Erm. Excuse me religious person, I’m upset about a very horrific and upsetting thing. And people at work are being horrible nosy gossips. Telling me to let God in seems really condescending. For all you know I’ve let God in and got the joy, joy, joy down in my heart. (By the way, not that it’s anyone’s business but just so we’re all clear and my mailbox isn’t filled with Jesus Saves spam, God’s had an open invitation for years. But apparently He’s too busy to pay a visit what with the disease, wars and famine and everything. I understand. Work’s been crazy for me, too. Seems like we only get together for weddings and funerals.)Or maybe I don't. But that's not the point. I'm upset and reaching out for compassion and understanding, a sympathetic kindred ear. This is not the time to try a little in home conversion.

But unfortunately, religion is no longer personal. Not just for evangelists anymore. It’s perfectly okay, apparently, to force religion, usually Christian, on anyone, anytime, anywhere.

That’s the problem, right there. There are no taboo subjects of conversation, no more polite society…it’s those swutting talk shows and scandal rags, tell all biographies...sharing intimate details with complete strangers and the entire world is normal. I'm all for full disclosure within the confines of close friendships and serious dating relationships. That's what sets close friendships and serious dating relationships apart from casual acquaintances and dates. When trust is earned and formed, a close bond forms, and discussion about these topics is confidential information shared in a trusting, caring relationship where judgments and generalizations don't exist. Knowing the full story in the taboo topic area with people I do not know well, or at all, is way too much information.

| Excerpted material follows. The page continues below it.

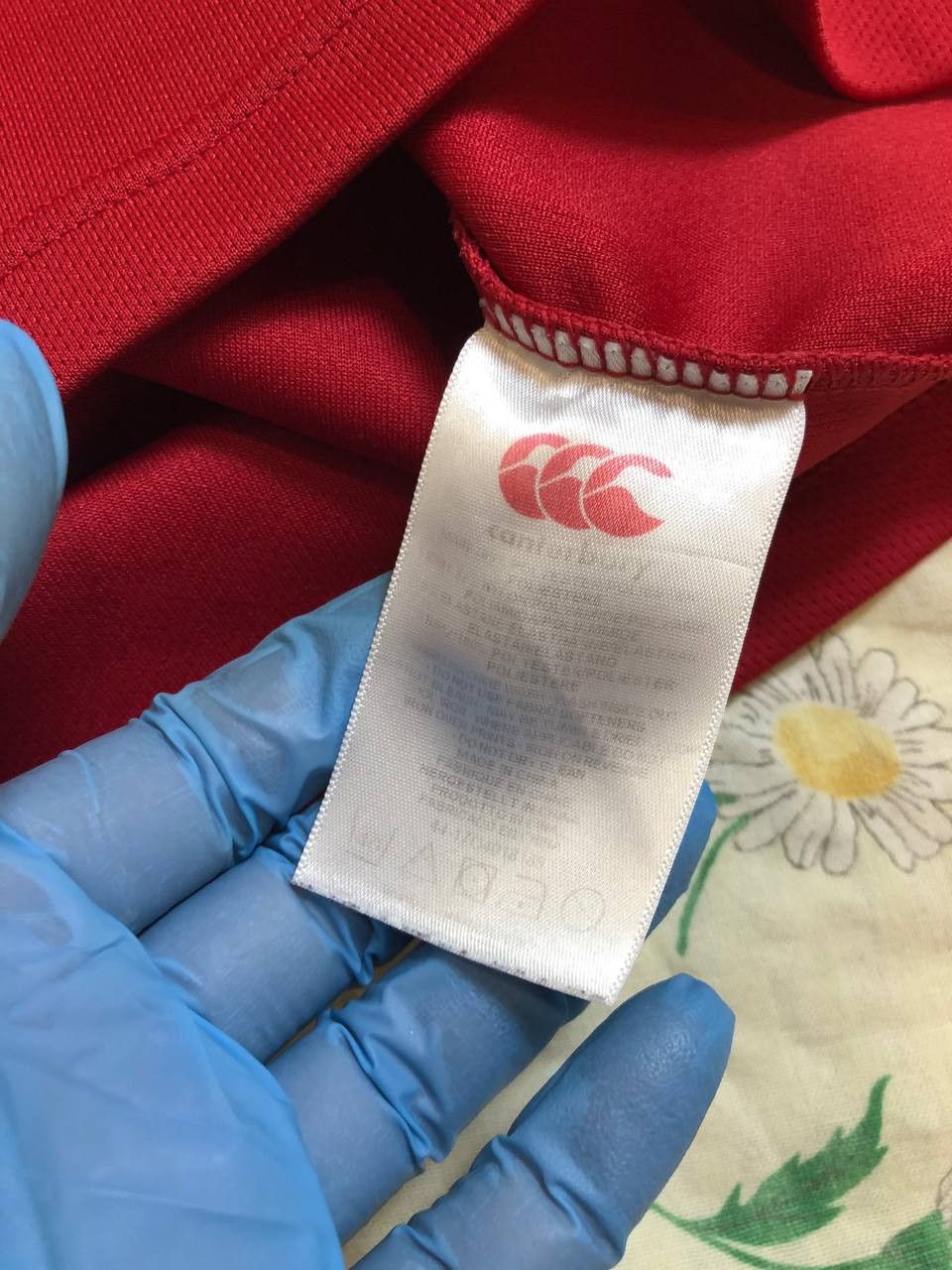 Canterbury of New Zealand Vintage Canterbury England O2 Jersey Rugby Shirt Size US S / EU 44-46 / 1 - 3 Thumbnail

And it confuses me. I get uncomfortable when the topics usually reserved for people in my inner circle are revealed by someone barely in the outer perimeter. This isn't a person I know well, this isn't a person I want to know THAT well. Yet I'm assaulted with details about their sex/religious/political/financial life. Suddenly I know more about them than I want to know. There's a woman at work who told me, proudly, what her mortgage payment is. I have no idea why she told me this information. I had no idea how to respond to her. That's nice? That's insane? Wow, you really do earn a lot more money than I do? This is not a close friend. This is not someone I know well. This is someone I sometimes sit next to at staff meetings and pass in the ladies room. I have no idea what my best friend's mortgage payment is, (I don't care) and yet I know this almost complete stranger's mortgage payment figure. (I don't care about hers, either, but I now know.) Why would she entrust me with this information? Sure, I'm trustworthy, but she doesn't know that. She knows very little about me. For all she knows I could use that information against her. Start the rumor mill churning with accusations about her salary and how much money she must earn to afford that mortgage payment. I won't, but I could. There's no trust to betray because no trust has been established.

Kids today. Hmph.

And that’s how I knew I am now old. And crotchety.